• _Task brief_: Using the data that follows, give again word for word the lines between the one holding "MAKING CHART ON" and the one holding "O rapper Bow", inclusive. Omit the pictures.

• _Recorded data_:
════
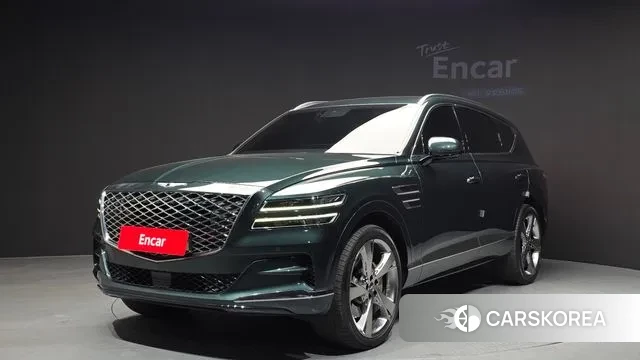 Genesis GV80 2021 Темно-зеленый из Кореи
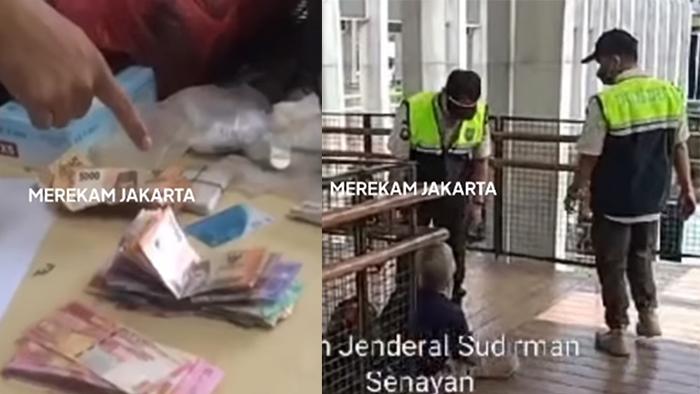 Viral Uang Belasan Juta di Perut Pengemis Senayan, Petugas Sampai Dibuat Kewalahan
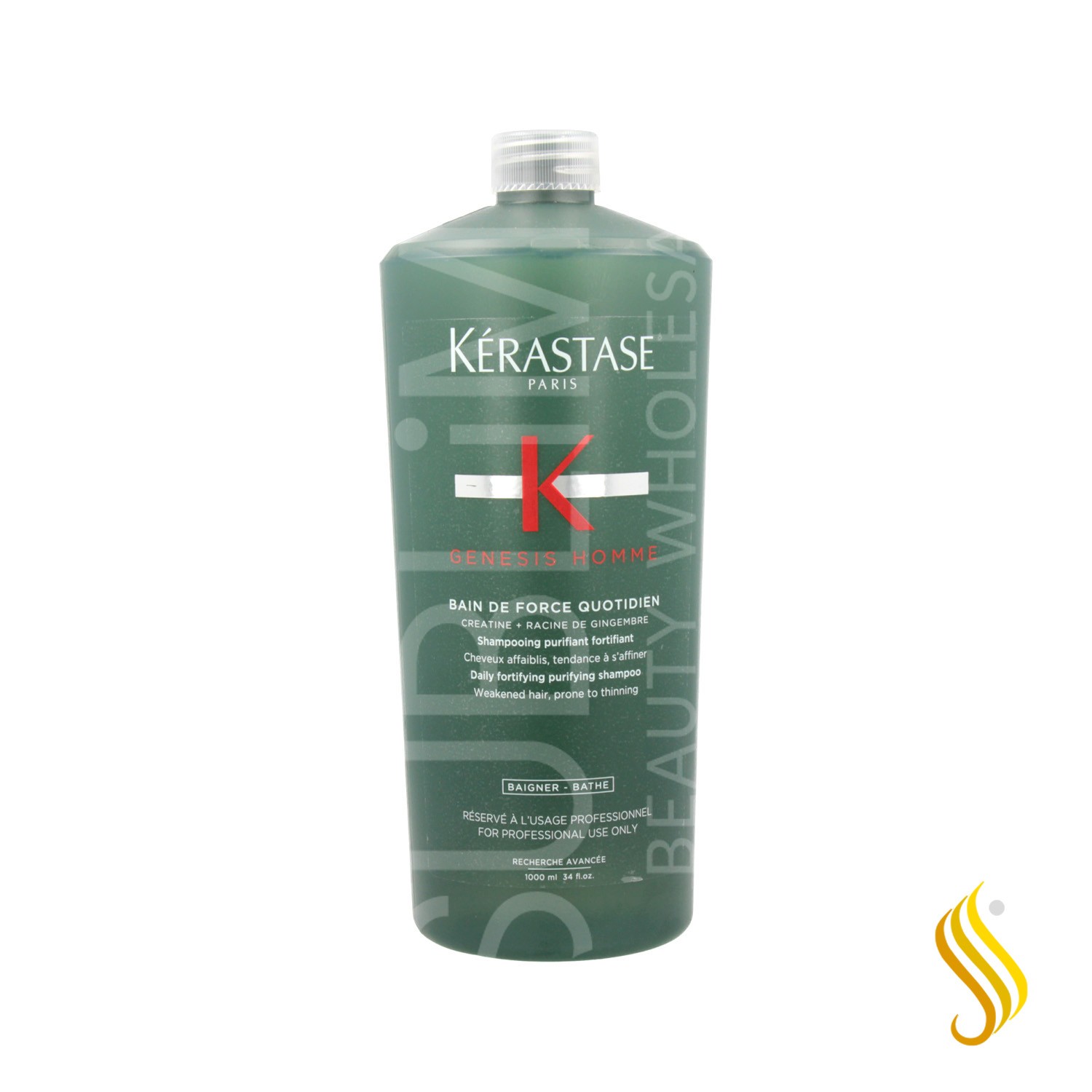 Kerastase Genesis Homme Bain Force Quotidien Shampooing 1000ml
════
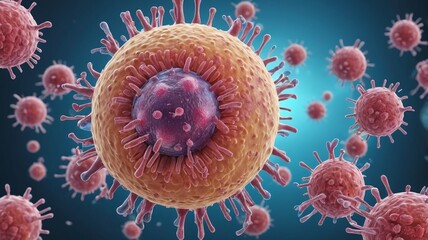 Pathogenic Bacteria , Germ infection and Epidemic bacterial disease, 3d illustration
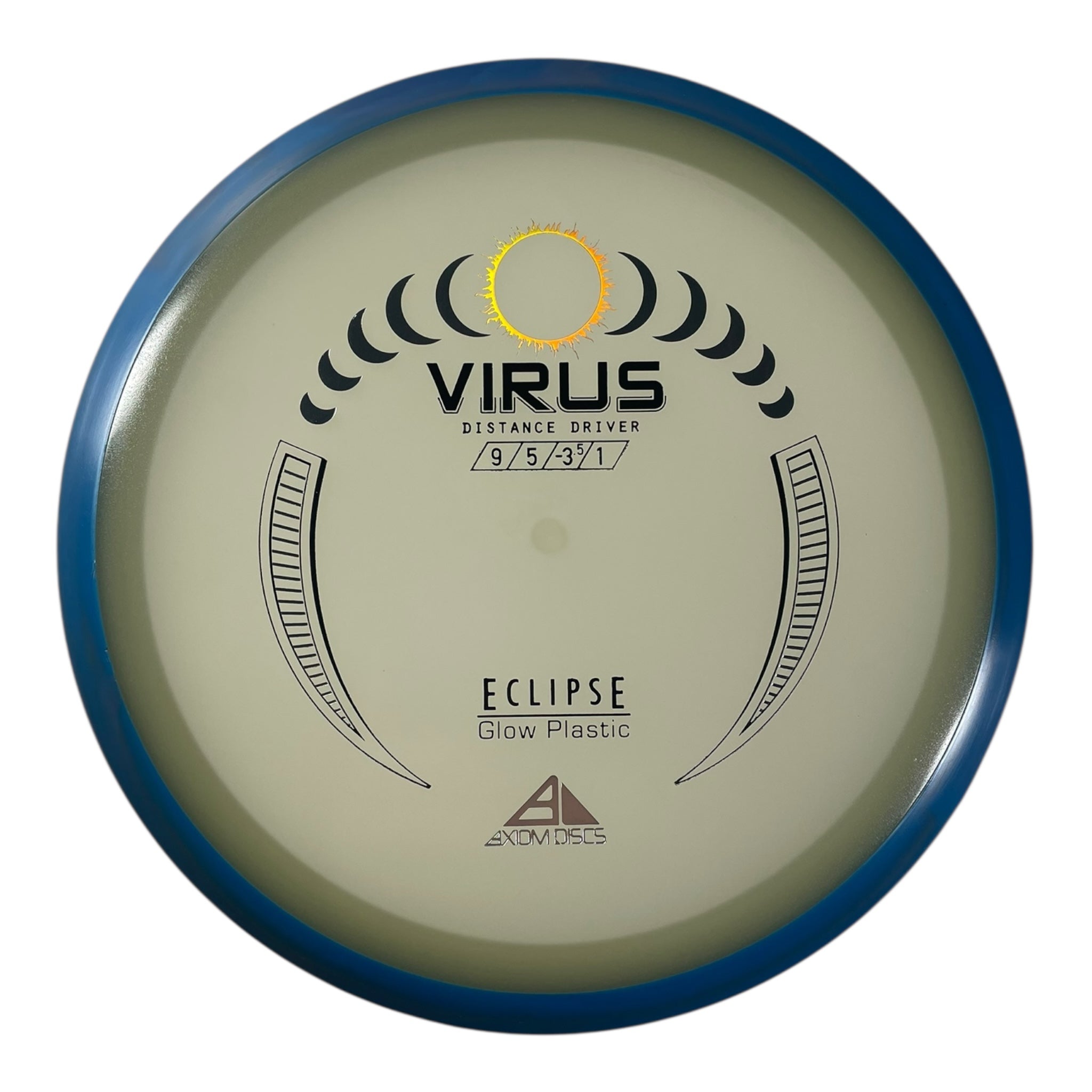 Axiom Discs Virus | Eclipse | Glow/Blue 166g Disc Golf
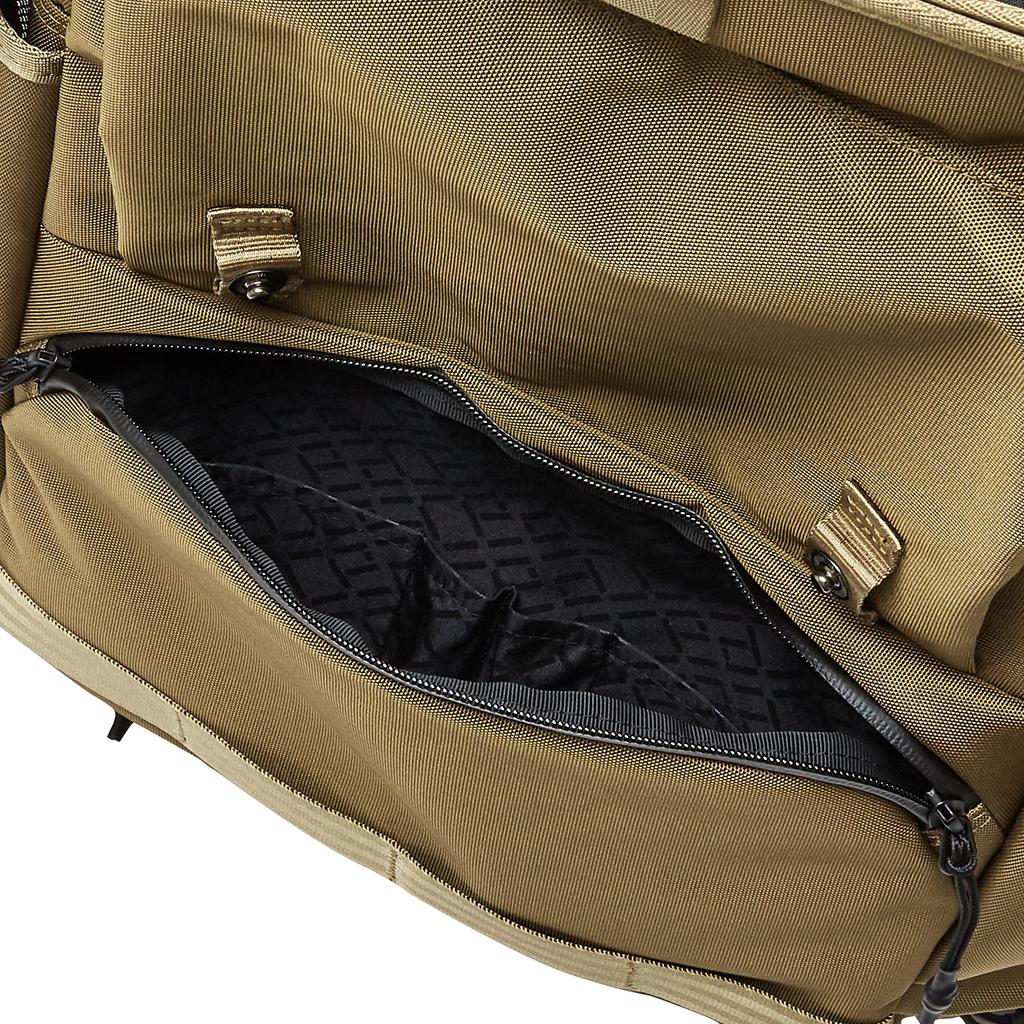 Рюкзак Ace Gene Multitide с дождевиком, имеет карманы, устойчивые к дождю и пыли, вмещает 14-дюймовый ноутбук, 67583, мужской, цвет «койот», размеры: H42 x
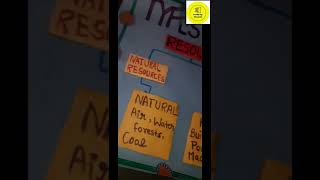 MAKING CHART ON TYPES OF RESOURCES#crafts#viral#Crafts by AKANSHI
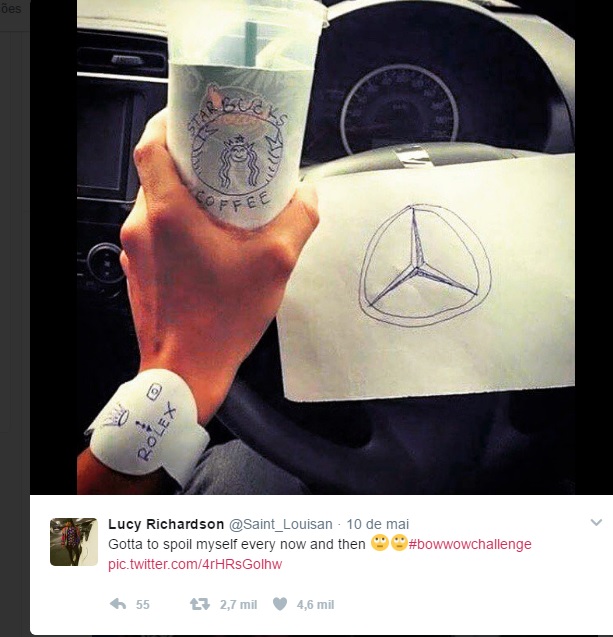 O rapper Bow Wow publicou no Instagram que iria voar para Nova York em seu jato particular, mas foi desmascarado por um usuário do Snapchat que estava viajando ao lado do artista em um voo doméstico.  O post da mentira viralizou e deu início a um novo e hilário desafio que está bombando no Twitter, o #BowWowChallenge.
════
• _Exercise result_:
 MAKING CHART ON TYPES OF RESOURCES#crafts#viral#Crafts by AKANSHI
 O rapper Bow Wow publicou no Instagram que iria voar para Nova York em seu jato particular, mas foi desmascarado por um usuário do Snapchat que estava viajando ao lado do artista em um voo doméstico.  O post da mentira viralizou e deu início a um novo e hilário desafio que está bombando no Twitter, o #BowWowChallenge.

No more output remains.